Dammit, I had missed that one. Thanks. All I can do is sit here and hope these nice new sponsors allow LE to buy some more HSMs!
In your scenario, it sounds like key pinning is the main problem. There's an post about key pinning here. In short: Ideally you should be pinning at the root CA level, with multiple CAs. You should also pin an emergency backup key that you keep offline, somewhere safe. If you're following those practices, a compromise and subsequent revocation and issuance with a new key won't block access to your site.
I'd also like to point out that you can effectively increase the number of certificates you can issue for subdomains on a weekly basis. If you have 40 subdomains and you want to issue independent certificates for each of them, you can issue the first 20 in week 1, and then next 20 in week 2. From then on, you can renew all 40 at once if you want, because of the renewal exception.
To answer your question about why rate limits: Yes, HSMs are our main bottleneck. Database space and write volume is a secondary bottleneck, and we're starting to find that write volume to CT logs is going to be a bit of a bottleneck too.
Providing a free service to the entire Internet is hard, since it's very easy for anyone to take advantage of the service. In order to stay free forever and encrypt the whole web, we need to find ways to provide everyone the services they need at the lowest possible cost to ISRG, a non-profit. Rate limits are a part of that.
I have a horrible feeling that I may have a fundamental misunderstanding of the rate limits. Are you saying that once a host is registered, that is then excluded from the rate limits? I was under the impression that the maximum number of hosts you could have per domain was 240 (mentioned above - 20 hosts per week, with 12 weeks in a month = 240 hosts), but now I'm thinking that I've misunderstood - are you saying the rate limits are only for new hosts?
If that is correct, then that's perfect. And it would even fit with my non-contrived Nest example, unless more than 20 people brought devices online in a week (at which point they'd have to wait a few days for the older entries to expire from the end of the rate limit queue)

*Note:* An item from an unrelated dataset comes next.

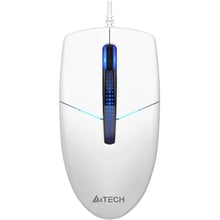 Мишка A4Tech N-530 USB White: інтерфейс підключення USB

Close. I'm saying that the Certificates/Domain rate limit (the one most people hit) is for new sets of hosts. So for instance if you issue [a.example.com, b.example.com], then [a.example.com, b.example.com] again, that second issuance gets a free pass on the Certificates/Domain limit*. However, if you later issue [a.example.com] that doesn't count as an exact match with the previous certificates, and doesn't get the free pass.

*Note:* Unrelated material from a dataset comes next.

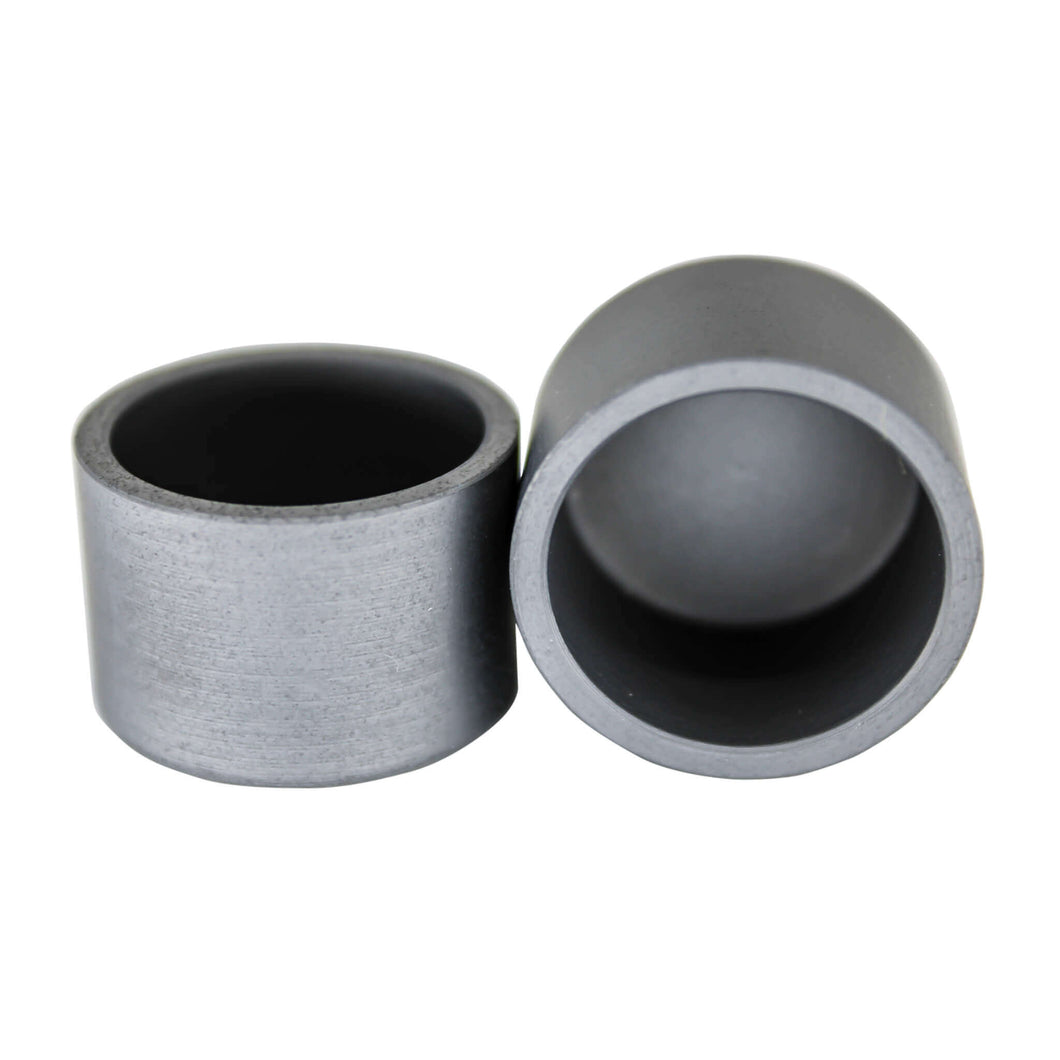30mm Silicon Carbide (SiC) Cup Insert | Dual Cup View | Dabbing Wholesaler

*But can still run afoul of the Certificates/FQDNSet limit, if you issue several times in a week.
That sounds like I am totally wrong about the rate limits then. Which does make sense, because my interpretation just seemed flawed.
So, if I may just clarify, with another contrived example (Sorry!)

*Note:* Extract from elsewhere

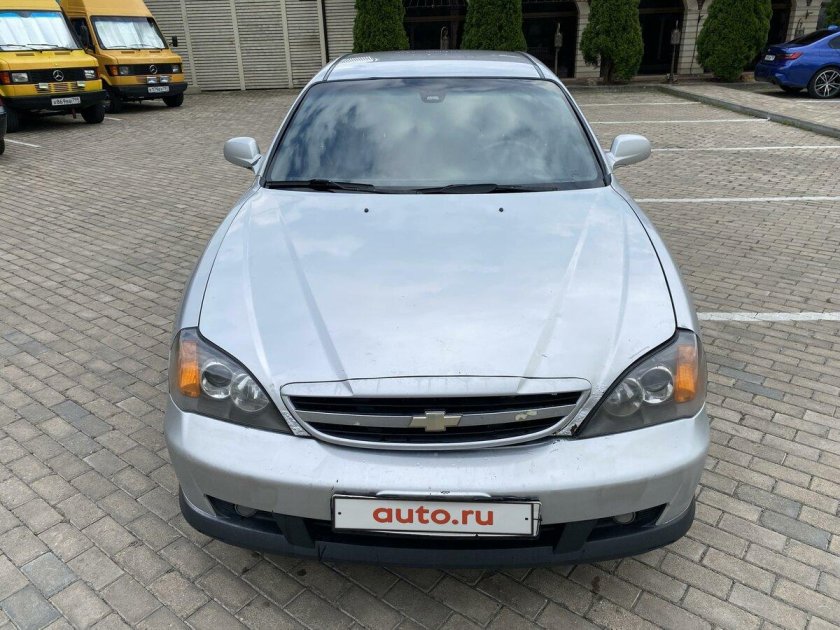 Шевроле Эванда 2005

Lets say I've decided that Route53 is charging too much at 50c/domain, and I'm going to give away DNS hosting for nothing, but make it up in volume. To do this, I'm going to need a bunch of nameservers, and a bunch of machines.
Because I like scalability, I deploy one new machine per day, with the FQDN of {{random uuid}}.superawesomedns.com, but because I can't write APIs, every host needs to expose a https service to the end user.
I use the standard letsencrypt client, and http auth, to get a unique key and cert per host. That then has a cronjob that renews the cert whenever required.
Because I'm not hitting the 20 hosts per week, that should be fine? Or, am I going to hit another rate limit somewhere.
Re-reading your original post, in the other thread
That's obviously where my disconnect happened.